The draft charter expands on a plan unveiled by CEO Mark Zuckerberg last November to give an independent body some say over Facebook policy.
“As we build out the board, we want to make sure it is able to render independent judgment, is transparent and respects privacy,” Nick Clegg, vice president, global affairs and communications, Facebook, notes in a new blog post.
The primary function of the board will be to review decisions that Facebook makes when enforcing its Community Standards.
The board’s decisions will be binding on the specific content brought for review, while those decisions will have the potential for setting policy.
Questions will be referred to the board by Facebook users who disagree with a decision, as well as by Facebook itself.
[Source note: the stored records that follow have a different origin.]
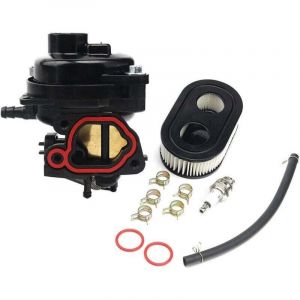 Carburateur pour Briggs & Stratton 550EX 625EX 675EX 675IS 725EXI 09P702 9P702 OHV Moteur 163 cc Remplace 799584 594058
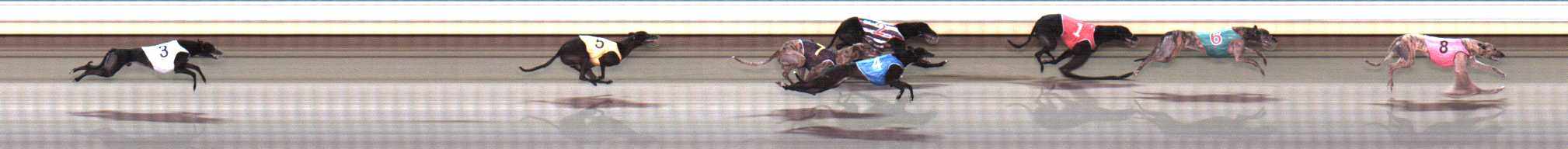 Photo finish for Warrnambool Race 10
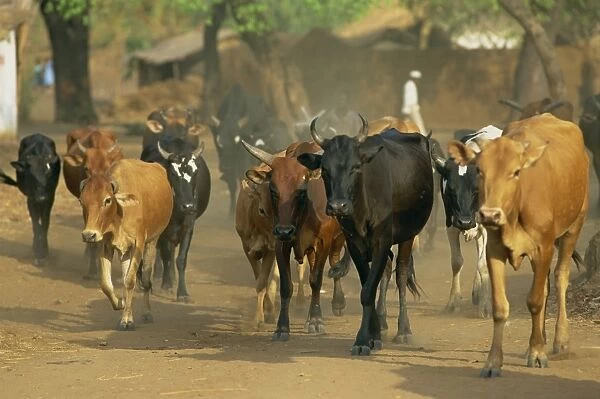 Cattle herded through village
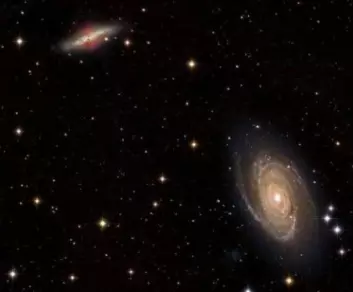 Det er ikke helt utenkelig at galaktiske vinder overfører gass mellom galaksene M82 (øverst) og M81. (Foto: Fred Herrmann)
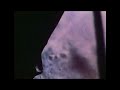 Apollo 11: America's Historic 1969 Moon Landing | Journey To The Stars | Spark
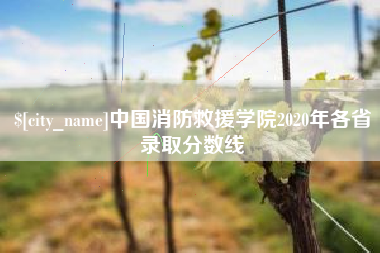 广东中国消防救援学院2020年各省录取分数线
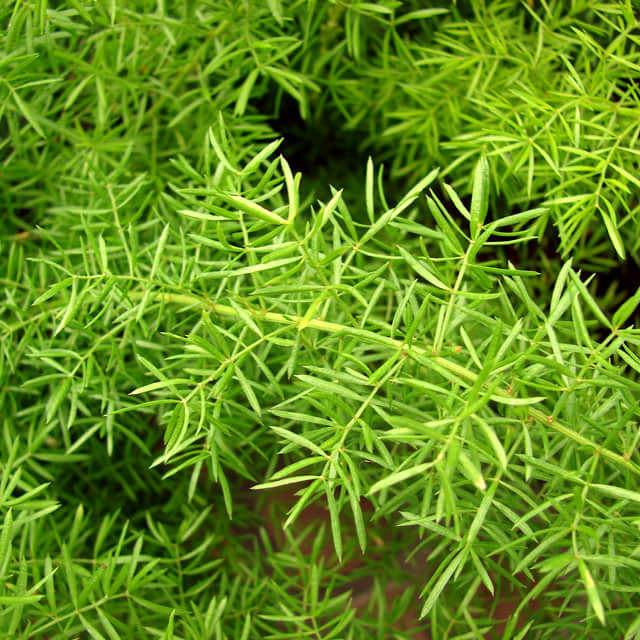Asparagus densiflorus Fine Webbing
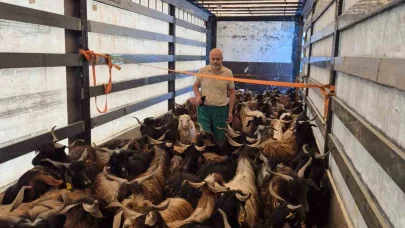 Kurbanlık denetimleri başladı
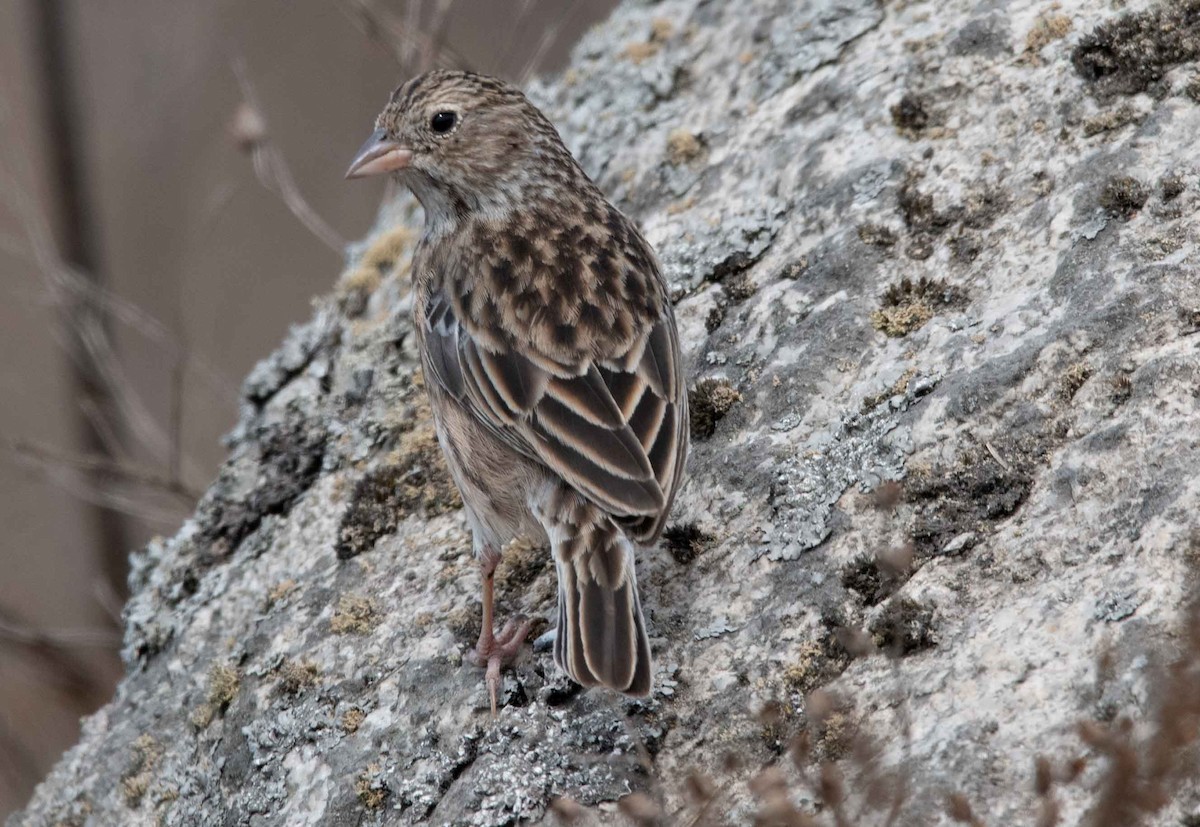 Band-tailed Sierra Finch - Philip Reimers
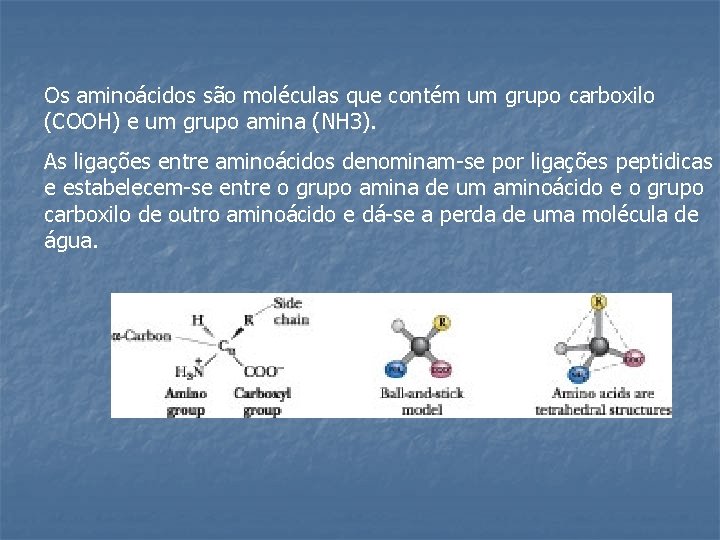 Os aminoácidos são moléculas que contém um grupo carboxilo (COOH) e um grupo amina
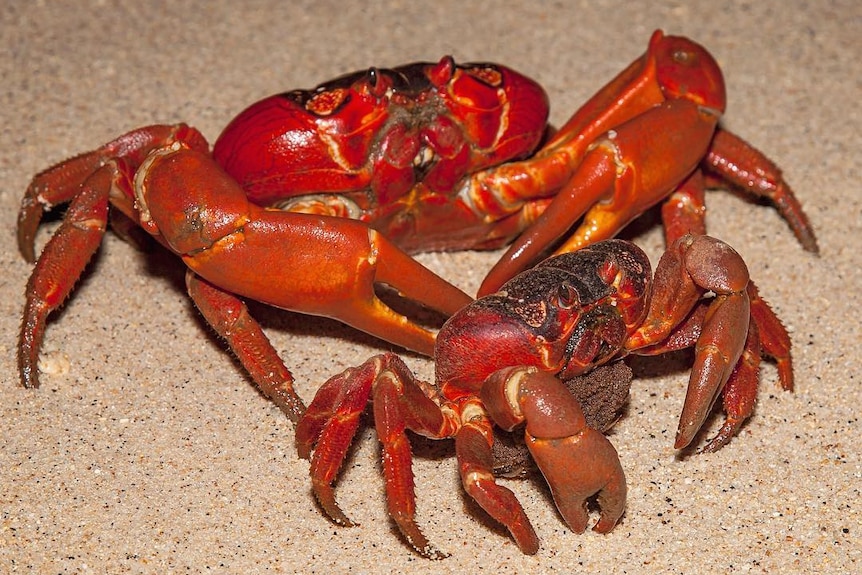 red crabs mating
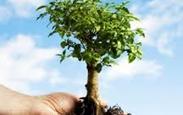 Faca_acontecer_meio_ambiente05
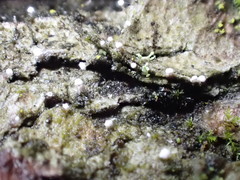 Dictyocatenulata alba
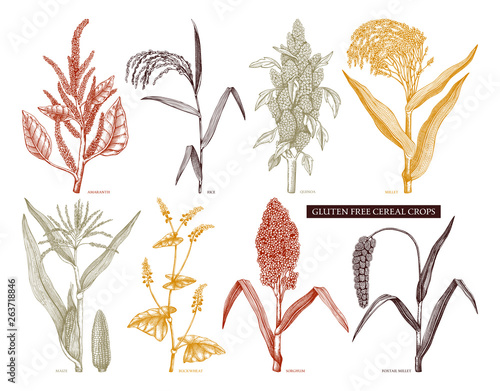 Hand drawn cereal crops set. Gluten free plants collection. Vector vegetables drawing in engraved style. High detailed vegetarian food objects. Great for packaging, menu, label, icon.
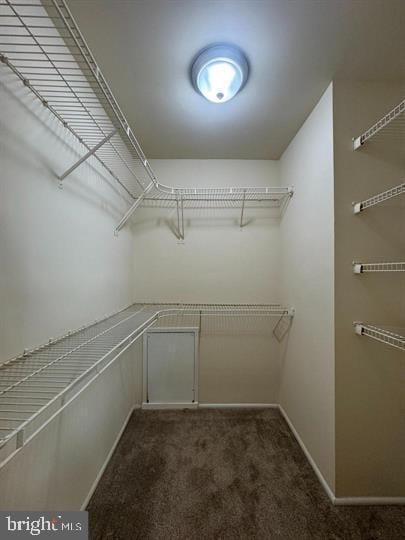 spacious closet featuring dark carpet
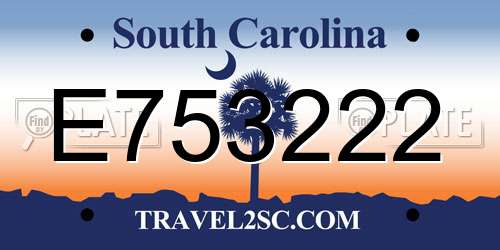 E753222 South Carolina License Plate
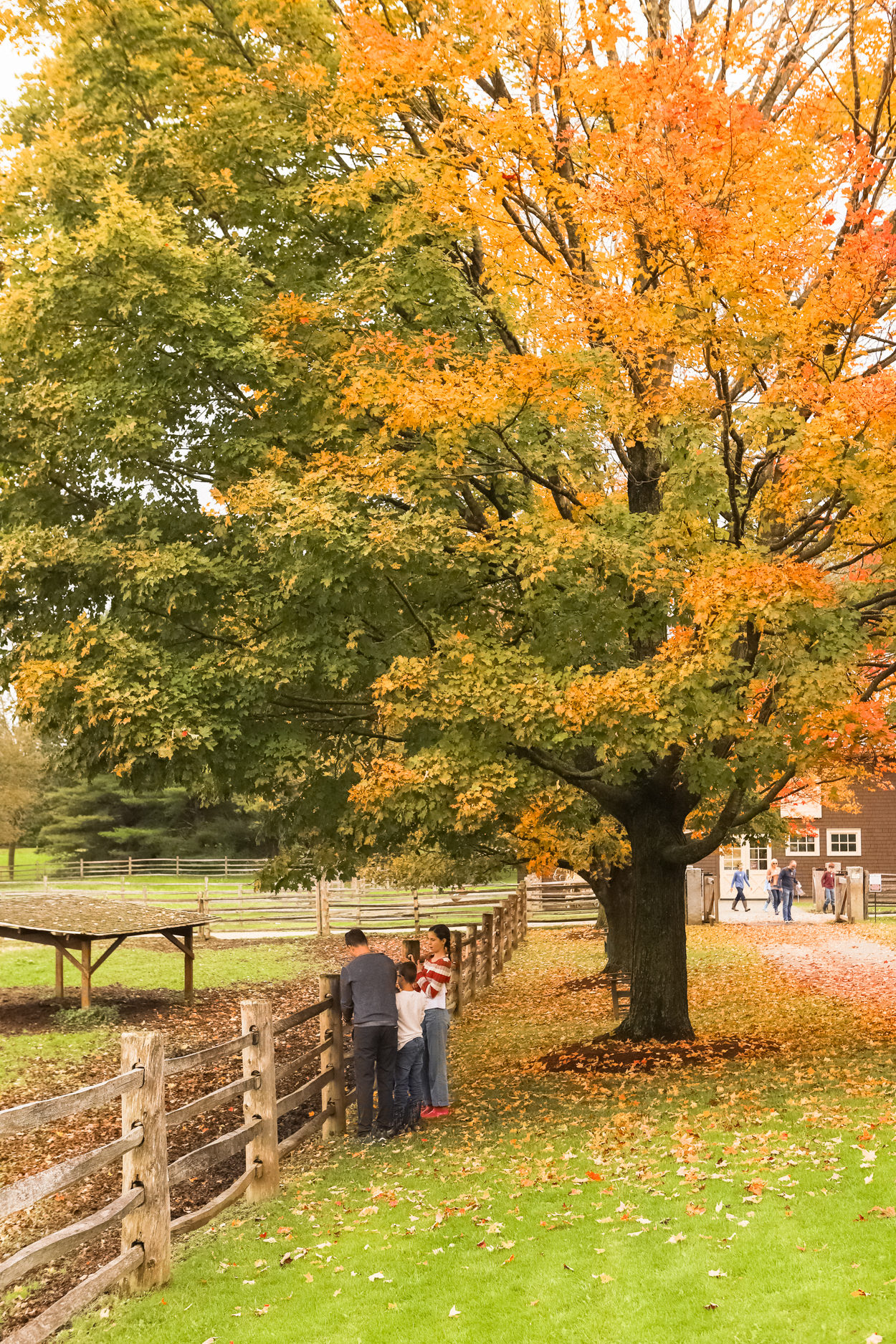 Family standing at a wooden fence in front of oak tree at a dairy farm in Vermont in the Fall 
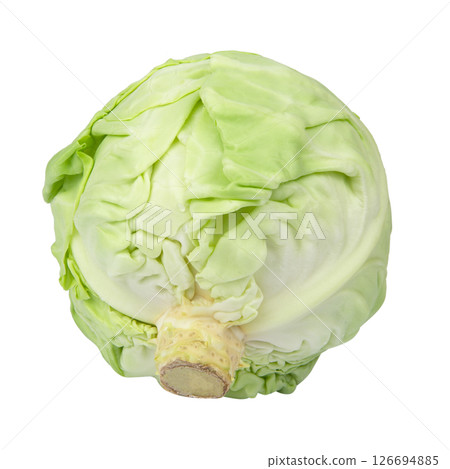 green cabbage isolated on white background 126694885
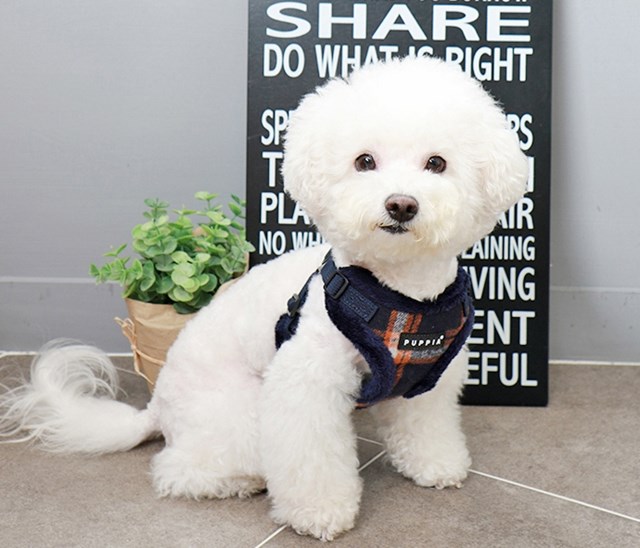 KEMP Navy - Fôret Step-in Hundesele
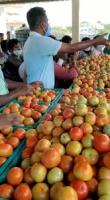 tomato project thumbnail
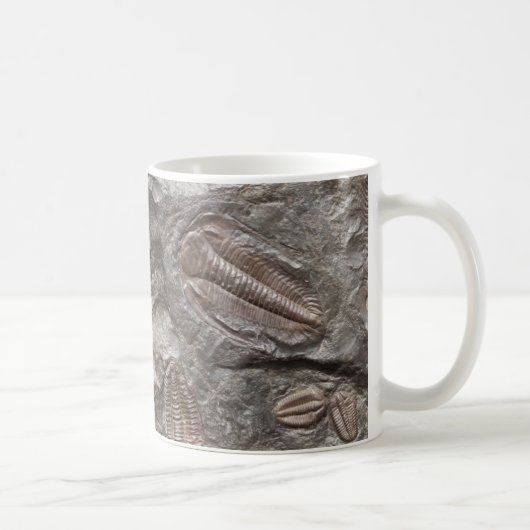 Versteinertes Trilobites: TRILOBITE FOSSILIEN Tasse (Rechts)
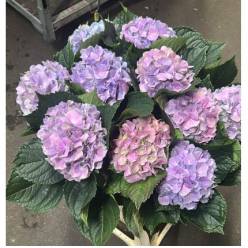 Hortensia Hol. Roy Benefit 60cm 13/15 Lavanda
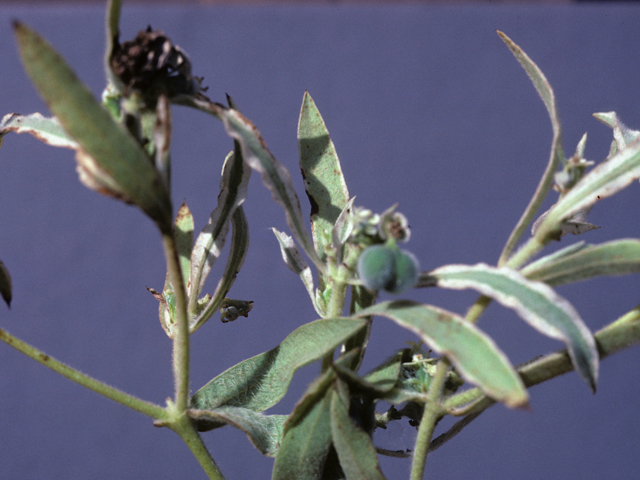 Euphorbia bicolor (Snow on the prairie) #25559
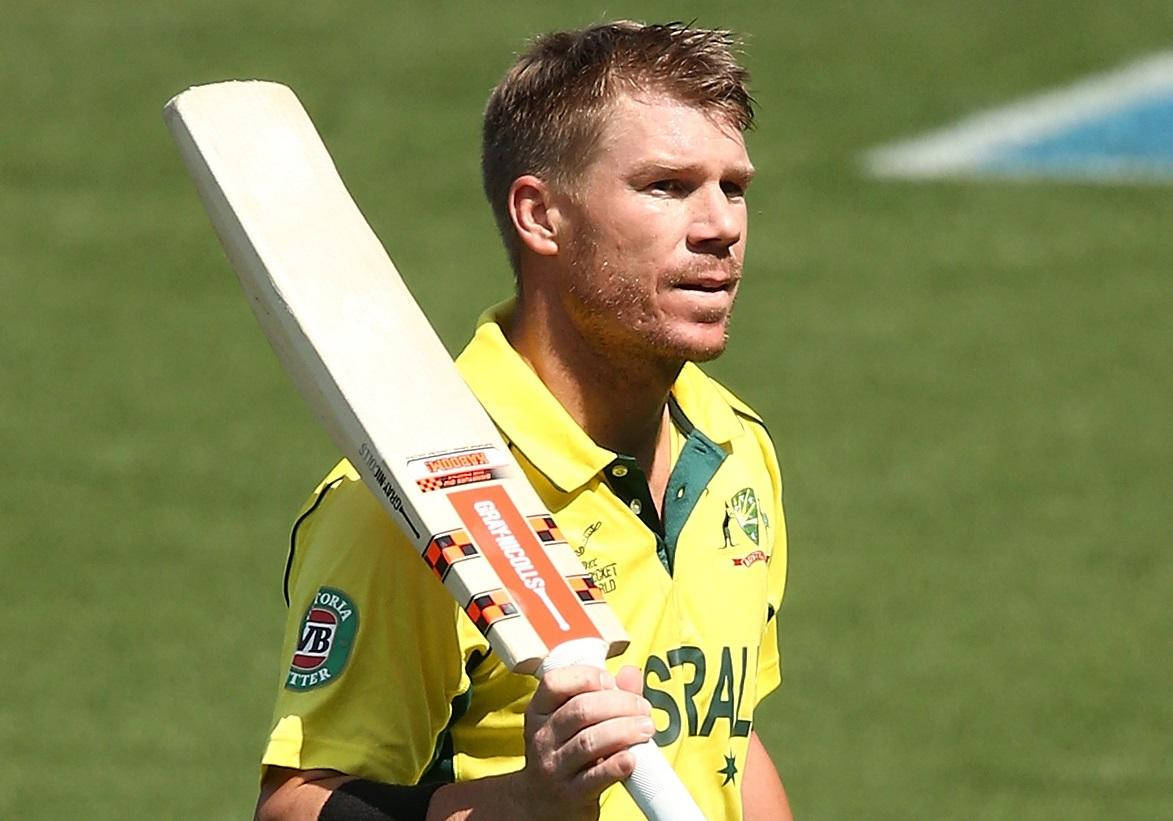 David Warner Bright Sunlight Wallpaper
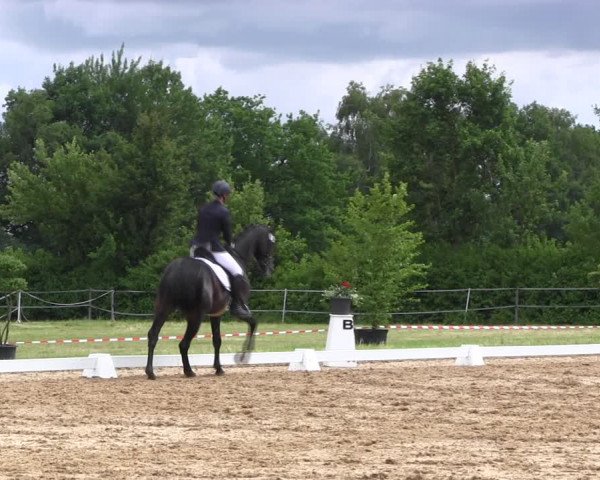 Reitturnier Hille 2017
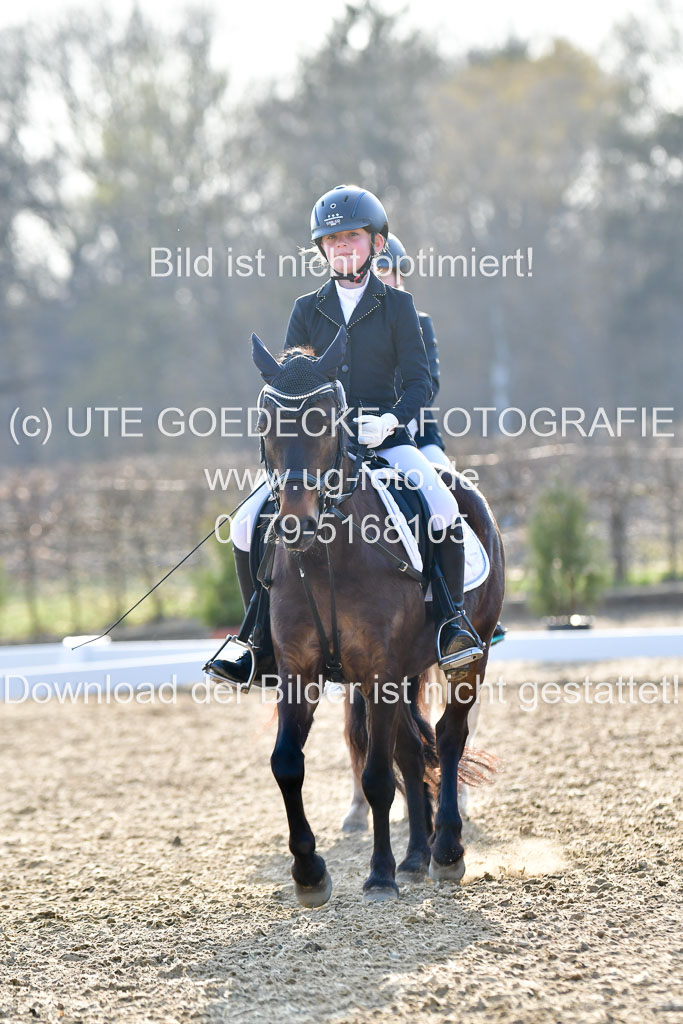 Reitsportzentrum Bremervörde | Dressurreiter WB _005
Facebook is suggesting the new review board be made up of roughly 40 experts with experience in the areas of content, privacy, human rights, journalism, civil rights, and public safety.
Along with providing them compensation, Facebook plans to handpick the initial board members.
For Facebook, the ultimate goal is to convince critics that its platform doesn’t discriminate against users based on their views, political affiliations or other unique characteristics.
Once in place, Facebook is recommending the body’s debut members be responsible for selecting future members, and that members serve for three-year terms.
The board will be supported by a full-time staff, which will be responsible for seeing through its content decisions.